LGBTQ people have fought for recognition that others take for granted. Meanwhile, the church affirms dignity in doctrine yet struggles to embody it.
Dilexit Nos matters because Pope Francis returns us to the Sacred Heart—not merely as image, but theology. A heart pierced, vulnerable, burning with love.
Francis writes, “The Heart of Christ turns in compassion toward wounded humanity. It beats with tenderness for the forgotten, the outcast, the suffering. This is not vague sentiment, but the core of divine mercy.”
This isn’t romanticism, but a challenge. The Sacred Heart shows us not merely what the church teaches, but how we are to teach—with mercy, humility, presence.
The Sacred Heart shows us not merely what the church teaches, but how we are to teach—with mercy, humility, presence.

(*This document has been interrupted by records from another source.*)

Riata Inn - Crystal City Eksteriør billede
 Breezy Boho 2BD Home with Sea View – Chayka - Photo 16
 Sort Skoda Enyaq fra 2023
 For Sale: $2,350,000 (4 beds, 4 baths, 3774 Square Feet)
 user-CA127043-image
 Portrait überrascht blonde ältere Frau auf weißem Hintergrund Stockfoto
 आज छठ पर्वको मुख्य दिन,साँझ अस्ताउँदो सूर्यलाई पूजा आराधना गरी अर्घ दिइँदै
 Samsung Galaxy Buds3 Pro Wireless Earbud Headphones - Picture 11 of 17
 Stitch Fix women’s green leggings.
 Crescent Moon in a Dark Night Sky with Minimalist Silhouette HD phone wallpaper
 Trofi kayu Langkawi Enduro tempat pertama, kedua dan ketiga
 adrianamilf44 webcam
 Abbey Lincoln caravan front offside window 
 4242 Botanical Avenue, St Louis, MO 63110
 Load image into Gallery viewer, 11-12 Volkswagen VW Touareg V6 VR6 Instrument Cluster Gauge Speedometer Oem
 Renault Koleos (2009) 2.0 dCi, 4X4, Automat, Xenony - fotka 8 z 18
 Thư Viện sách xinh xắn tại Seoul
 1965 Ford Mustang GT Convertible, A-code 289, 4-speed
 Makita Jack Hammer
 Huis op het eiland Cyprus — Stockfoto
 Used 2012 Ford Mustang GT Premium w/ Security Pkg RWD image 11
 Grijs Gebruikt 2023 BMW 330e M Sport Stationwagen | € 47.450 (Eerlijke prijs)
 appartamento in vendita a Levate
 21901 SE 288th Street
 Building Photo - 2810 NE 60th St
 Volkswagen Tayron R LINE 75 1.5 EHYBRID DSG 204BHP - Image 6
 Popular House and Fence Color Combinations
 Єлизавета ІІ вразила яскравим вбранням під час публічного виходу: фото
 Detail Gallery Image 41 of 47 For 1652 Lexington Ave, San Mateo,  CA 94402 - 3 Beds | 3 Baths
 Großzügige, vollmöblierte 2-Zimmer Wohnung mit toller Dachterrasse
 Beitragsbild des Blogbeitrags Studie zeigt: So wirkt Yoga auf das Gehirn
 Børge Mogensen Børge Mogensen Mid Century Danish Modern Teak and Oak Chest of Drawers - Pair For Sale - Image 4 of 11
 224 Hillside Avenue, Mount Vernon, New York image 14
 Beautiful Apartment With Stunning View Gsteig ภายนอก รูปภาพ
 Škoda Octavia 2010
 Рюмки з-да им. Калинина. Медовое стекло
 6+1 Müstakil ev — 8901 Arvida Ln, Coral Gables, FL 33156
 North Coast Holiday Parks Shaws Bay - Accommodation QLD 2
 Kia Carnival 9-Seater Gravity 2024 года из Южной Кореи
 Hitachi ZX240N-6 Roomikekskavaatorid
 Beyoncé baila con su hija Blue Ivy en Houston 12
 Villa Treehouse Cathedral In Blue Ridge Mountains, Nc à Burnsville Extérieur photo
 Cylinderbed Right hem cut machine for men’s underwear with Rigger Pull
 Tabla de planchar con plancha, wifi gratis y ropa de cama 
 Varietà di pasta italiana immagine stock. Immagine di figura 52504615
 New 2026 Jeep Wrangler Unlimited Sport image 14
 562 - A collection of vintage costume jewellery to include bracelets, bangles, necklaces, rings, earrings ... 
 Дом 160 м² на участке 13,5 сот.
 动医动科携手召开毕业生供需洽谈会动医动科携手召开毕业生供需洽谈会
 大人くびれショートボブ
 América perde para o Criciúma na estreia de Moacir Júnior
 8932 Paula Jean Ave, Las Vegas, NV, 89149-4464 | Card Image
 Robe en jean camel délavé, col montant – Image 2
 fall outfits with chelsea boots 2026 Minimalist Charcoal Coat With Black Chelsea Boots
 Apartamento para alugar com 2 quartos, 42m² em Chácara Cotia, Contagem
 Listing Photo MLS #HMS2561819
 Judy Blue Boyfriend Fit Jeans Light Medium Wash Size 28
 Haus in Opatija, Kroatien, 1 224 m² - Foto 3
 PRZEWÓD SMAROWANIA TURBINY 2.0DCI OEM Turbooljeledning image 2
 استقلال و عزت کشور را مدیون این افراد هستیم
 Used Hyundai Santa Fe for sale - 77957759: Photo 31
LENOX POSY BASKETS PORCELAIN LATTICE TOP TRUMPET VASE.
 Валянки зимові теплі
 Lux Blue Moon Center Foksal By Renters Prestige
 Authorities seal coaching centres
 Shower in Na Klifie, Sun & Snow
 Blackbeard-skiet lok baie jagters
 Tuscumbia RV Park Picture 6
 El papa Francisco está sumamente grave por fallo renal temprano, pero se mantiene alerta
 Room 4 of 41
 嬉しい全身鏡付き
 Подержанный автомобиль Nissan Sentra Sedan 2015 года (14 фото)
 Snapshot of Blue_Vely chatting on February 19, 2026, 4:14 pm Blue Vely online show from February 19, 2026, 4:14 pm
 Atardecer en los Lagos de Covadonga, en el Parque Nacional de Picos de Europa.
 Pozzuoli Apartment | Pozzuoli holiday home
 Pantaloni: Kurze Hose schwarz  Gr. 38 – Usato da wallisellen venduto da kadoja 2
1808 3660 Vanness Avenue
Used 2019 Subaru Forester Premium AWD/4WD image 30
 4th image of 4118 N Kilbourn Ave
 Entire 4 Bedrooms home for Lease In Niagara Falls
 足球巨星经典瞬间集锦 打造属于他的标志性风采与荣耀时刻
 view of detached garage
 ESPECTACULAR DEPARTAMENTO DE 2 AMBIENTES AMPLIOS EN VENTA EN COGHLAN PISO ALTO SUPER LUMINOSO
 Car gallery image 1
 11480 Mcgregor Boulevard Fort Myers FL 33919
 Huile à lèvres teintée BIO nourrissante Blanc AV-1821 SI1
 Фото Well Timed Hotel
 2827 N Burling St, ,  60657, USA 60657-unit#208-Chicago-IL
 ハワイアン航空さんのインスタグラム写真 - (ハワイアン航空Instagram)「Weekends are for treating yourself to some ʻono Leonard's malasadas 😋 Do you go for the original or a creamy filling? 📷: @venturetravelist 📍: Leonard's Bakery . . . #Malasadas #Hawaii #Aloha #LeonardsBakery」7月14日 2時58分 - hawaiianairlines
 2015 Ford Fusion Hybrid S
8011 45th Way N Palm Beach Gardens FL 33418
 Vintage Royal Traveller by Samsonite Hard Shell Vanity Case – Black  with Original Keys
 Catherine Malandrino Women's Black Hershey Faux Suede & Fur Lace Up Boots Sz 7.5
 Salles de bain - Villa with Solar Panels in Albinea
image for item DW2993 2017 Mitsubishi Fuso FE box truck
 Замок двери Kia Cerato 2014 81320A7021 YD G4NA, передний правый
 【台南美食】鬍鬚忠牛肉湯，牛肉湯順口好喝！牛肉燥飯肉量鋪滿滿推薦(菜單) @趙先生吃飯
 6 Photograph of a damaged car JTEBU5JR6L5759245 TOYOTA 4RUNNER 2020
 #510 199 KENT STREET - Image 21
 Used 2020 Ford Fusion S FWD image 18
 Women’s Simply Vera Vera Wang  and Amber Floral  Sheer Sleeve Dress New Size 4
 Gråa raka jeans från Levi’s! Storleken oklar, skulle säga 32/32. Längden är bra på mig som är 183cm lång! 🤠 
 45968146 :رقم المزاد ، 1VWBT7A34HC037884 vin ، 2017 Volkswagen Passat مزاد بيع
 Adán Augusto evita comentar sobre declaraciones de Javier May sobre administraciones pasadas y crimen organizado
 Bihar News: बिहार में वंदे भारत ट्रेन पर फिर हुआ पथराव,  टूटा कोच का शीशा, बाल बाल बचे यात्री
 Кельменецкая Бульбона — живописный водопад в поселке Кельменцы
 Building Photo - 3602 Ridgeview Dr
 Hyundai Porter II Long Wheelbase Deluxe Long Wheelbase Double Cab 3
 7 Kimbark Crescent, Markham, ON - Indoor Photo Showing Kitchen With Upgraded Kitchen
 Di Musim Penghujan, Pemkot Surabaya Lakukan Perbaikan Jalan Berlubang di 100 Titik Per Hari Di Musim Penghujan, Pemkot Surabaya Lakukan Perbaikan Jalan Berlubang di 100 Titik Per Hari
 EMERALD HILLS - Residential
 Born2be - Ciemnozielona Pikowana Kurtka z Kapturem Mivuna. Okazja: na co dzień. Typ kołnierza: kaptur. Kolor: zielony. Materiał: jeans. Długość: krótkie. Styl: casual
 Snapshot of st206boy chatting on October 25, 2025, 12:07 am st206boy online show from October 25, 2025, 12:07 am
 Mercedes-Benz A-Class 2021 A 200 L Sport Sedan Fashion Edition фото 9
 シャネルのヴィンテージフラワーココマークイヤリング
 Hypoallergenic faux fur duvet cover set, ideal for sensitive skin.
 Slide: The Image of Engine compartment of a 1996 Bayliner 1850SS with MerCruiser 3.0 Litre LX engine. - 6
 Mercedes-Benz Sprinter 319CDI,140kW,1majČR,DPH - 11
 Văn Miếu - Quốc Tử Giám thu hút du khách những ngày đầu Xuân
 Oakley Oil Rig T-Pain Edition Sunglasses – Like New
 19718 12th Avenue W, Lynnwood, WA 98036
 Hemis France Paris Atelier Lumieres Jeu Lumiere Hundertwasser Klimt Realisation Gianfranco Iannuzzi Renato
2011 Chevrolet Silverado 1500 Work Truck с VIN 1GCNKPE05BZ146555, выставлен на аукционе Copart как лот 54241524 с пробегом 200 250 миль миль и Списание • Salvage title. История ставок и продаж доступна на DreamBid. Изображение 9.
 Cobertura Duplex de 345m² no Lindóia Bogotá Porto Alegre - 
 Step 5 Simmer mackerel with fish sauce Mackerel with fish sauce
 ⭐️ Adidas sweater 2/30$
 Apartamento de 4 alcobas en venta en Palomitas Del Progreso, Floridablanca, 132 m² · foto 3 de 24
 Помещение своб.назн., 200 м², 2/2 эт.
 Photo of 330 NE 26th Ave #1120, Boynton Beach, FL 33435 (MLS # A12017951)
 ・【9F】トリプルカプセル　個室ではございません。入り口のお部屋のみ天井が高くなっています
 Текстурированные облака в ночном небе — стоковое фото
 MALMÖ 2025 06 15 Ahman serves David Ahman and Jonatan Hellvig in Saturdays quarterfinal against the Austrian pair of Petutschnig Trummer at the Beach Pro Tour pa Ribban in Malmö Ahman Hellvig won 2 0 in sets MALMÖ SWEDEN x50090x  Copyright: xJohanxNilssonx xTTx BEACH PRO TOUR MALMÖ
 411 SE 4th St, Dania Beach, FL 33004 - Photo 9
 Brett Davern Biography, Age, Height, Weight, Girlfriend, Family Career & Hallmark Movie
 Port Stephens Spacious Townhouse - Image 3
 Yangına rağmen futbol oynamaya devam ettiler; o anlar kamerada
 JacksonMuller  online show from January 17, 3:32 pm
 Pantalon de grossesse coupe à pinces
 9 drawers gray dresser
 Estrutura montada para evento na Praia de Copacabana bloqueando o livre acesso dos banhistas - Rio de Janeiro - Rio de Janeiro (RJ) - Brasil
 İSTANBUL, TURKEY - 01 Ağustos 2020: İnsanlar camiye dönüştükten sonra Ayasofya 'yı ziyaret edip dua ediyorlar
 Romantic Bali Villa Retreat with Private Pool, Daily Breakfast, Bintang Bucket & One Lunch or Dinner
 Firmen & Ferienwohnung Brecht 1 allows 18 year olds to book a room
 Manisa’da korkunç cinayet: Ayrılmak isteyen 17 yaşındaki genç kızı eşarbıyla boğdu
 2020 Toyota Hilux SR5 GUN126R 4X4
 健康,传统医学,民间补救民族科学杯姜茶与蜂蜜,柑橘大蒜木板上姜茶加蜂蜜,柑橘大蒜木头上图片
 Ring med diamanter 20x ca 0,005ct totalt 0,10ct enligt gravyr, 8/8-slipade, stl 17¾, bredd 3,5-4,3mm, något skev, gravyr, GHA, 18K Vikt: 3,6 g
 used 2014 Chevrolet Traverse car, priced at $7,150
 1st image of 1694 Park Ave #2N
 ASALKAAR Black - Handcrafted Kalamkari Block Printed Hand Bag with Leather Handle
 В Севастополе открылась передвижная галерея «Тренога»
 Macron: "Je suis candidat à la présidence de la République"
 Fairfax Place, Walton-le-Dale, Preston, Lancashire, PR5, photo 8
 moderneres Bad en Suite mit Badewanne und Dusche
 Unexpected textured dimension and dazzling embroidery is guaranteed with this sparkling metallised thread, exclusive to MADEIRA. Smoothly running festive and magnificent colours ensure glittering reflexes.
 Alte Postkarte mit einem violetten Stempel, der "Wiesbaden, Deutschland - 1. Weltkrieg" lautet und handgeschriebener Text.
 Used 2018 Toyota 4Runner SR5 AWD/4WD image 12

The pastoral crisis lies here. Recent Vatican responses—such as around blessings, gender identity, church roles—are inconsistent. They feel harsh. They serve as gestures of welcome that are qualified by reassertions of rules. Behind it all, the church struggles to align theological language with lived experiences.
Doctrine hasn’t changed, but tone matters. So does timing.
When someone comes out, they aren’t asking for theological lectures. They’re asking: Will you look me in the eye? Call me beloved?
Too often, we’ve answered with silence, or truth-telling without grace.
The Sacred Heart models this accompaniment as love standing where suffering and grace meet.
Dignitas Infinita reminds us dignity isn’t earned by behavior. It’s inherent, because we’re human. Yet in church spaces, LGBTQ dignity feels conditional—offered quietly, with disclaimers or not at all.
This June, we might start not with debate, but devotion. We could reflect on the Sacred Heart—its mercy, fire, wounds. We could ask: “Whose pain do we ignore? Whose dignity do we fear naming?”
We don’t need to change doctrine to love better. But we must lead with love, a love that listens, embraces complexity and seeks those who left not from rebellion, but exhaustion.
Pope Francis said clearly in Amoris Laetitia, “People must be accompanied, not pushed away.” The Sacred Heart models this accompaniment as love standing where suffering and grace meet.
Honoring Pride Month means showing up fully—with tension, tenderness, faith—and remembering that the Sacred Heart beats for a church called to love without fear.